Quando se ne andò, Franco era davanti al chiosco sigillato, a salutarlo con la mano, con un sorriso soddisfatto e tre pacchi di giornali del giorno precedente ai piedi.

Dopo una settimana, una mattina all’alba, Ilario trovò l’edicola nuovamente aperta. Franco si scusò di non potersi assentare per il caffè, ma fu lui stesso a offrirlo, versandolo bollente dal thermos, come aveva fatto per anni prima del tracollo. Ora le forniture di vecchi giornali erano diventate regolari. Franco li pagava a peso, come carta da macero, comprandone il quantitativo che riusciva a pagare con gli spiccioli guadagnati il giorno precedente.
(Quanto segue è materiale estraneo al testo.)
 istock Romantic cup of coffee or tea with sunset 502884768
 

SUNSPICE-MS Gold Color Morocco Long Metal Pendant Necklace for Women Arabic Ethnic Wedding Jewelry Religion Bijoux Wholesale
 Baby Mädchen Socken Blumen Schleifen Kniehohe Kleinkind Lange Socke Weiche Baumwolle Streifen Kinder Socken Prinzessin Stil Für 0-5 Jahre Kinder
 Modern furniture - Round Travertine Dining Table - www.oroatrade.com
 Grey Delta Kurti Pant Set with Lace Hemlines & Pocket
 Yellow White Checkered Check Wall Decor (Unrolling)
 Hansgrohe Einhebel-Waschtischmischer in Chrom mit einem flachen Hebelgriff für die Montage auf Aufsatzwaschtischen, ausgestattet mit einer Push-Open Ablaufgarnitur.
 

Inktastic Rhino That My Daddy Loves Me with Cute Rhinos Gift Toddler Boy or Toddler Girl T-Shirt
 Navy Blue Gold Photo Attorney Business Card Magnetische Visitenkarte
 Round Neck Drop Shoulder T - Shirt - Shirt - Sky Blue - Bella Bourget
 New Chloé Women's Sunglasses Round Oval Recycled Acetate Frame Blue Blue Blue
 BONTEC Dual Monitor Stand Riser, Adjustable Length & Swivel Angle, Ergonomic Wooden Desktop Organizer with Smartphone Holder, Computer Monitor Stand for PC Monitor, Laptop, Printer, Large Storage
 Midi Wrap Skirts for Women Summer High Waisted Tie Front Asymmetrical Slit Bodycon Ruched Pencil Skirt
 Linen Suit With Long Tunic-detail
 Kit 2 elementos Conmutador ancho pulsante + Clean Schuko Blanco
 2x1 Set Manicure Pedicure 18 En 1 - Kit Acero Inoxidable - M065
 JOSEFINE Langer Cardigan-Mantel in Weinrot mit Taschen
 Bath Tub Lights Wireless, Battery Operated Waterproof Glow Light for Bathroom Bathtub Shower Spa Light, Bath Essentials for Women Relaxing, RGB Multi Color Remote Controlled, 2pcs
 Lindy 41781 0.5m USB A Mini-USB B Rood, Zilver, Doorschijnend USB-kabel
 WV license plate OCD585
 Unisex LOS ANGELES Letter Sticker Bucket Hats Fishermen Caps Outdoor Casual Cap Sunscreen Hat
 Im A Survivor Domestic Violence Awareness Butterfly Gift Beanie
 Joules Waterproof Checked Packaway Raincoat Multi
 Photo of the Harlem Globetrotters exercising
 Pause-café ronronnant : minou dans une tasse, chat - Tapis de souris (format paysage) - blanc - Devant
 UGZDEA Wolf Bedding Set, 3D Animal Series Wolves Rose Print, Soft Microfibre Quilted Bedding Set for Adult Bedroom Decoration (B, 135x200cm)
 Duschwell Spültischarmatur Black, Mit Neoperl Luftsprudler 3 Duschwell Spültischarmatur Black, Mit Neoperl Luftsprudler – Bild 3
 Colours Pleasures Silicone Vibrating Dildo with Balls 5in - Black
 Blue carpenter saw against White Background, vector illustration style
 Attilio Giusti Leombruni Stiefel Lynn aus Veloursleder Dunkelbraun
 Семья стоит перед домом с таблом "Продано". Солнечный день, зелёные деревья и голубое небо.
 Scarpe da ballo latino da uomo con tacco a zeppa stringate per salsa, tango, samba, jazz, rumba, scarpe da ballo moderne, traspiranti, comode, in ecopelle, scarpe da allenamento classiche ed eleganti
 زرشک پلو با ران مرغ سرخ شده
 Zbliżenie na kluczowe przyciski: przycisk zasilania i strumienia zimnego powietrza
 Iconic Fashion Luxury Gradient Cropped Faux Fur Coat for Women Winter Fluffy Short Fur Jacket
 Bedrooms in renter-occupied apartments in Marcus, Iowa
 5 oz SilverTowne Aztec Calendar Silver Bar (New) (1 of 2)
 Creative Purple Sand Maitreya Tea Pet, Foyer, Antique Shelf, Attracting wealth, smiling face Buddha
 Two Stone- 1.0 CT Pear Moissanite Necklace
Ilario supponeva che si sostentasse con la pensione dell’anziana madre, con cui viveva.
Non aveva mai resi, ciò che avanzava lo impilava sugli scaffali del chiosco, a invecchiare come bottiglie di vino buono.
– Ieri ho venduto venti copie a un unico cliente… – annunciò trionfante.
– …un meteorologo che fa previsioni sulla cronaca locale… – spiegò, fornendo i particolari all’amico che stava scaldandosi le mani col bicchiere fumante.
– Contro ogni altra previsione aveva annunciato precipitazioni nevose nel pomeriggio… era stato l’unico a farlo… e che è successo ieri, verso le quindici…? –
– E’ nevicato un paio d’ore… – confermò Ilario, divertito dall’enfasi con cui il giornalaio sottolineava l’evento.
– Appunto… – confermò Franco – …penso che distribuirà quelle copie come prova della sua perizia… magari gli frutterà un impiego più remunerativo… –
– Pensi di riaprire l’edicola…? – domandò Ilario.
– Non so… per ora non credo… ho riaperto il chiosco perché il meteorologo mi ha assicurato che stamattina pioverà… quindi, perché rischiare…? –

Il martedì successivo, arrivando più tardi del solito, Ilario incrociò un’anziana signora che se ne andava con una pila di quotidiani sotto il braccio.
– Un’altra pazzoide con la passione per le vecchie notizie…? – chiese a Franco che se ne stava rintanato nel chiosco, dove una piccola stufetta esalava un tepore invitante.
– No… doveva rifoderare i pensili di cucina… le ho fatto un prezzo di favore… – riferì con un gesto vago della mano.
Poco più avanti, sul marciapiede, un uomo che pareva indiano stava allestendo un carretto con mazzi di verdure poco invitanti.
– Stiamo collaborando… – spiegò Franco – …io fornisco la carta per gli involti e lui mi paga in insalata, asparagi, o ciò che riesce a recuperare tra le rimanenze dei mercati generali. Stiamo istituendo un nuovo polo commerciale. – La strizzatina d’occhio che seguì, fece nascere nel corriere il sospetto che l’amico si fosse bevuto il cervello ma, davanti a quella ritrovata serenità, decise di non avere il diritto d’interferire nelle sue decisioni. Quindi scaricò i giornali che Franco poteva permettersi per quella mattina e lo lasciò alla sua nuova attività.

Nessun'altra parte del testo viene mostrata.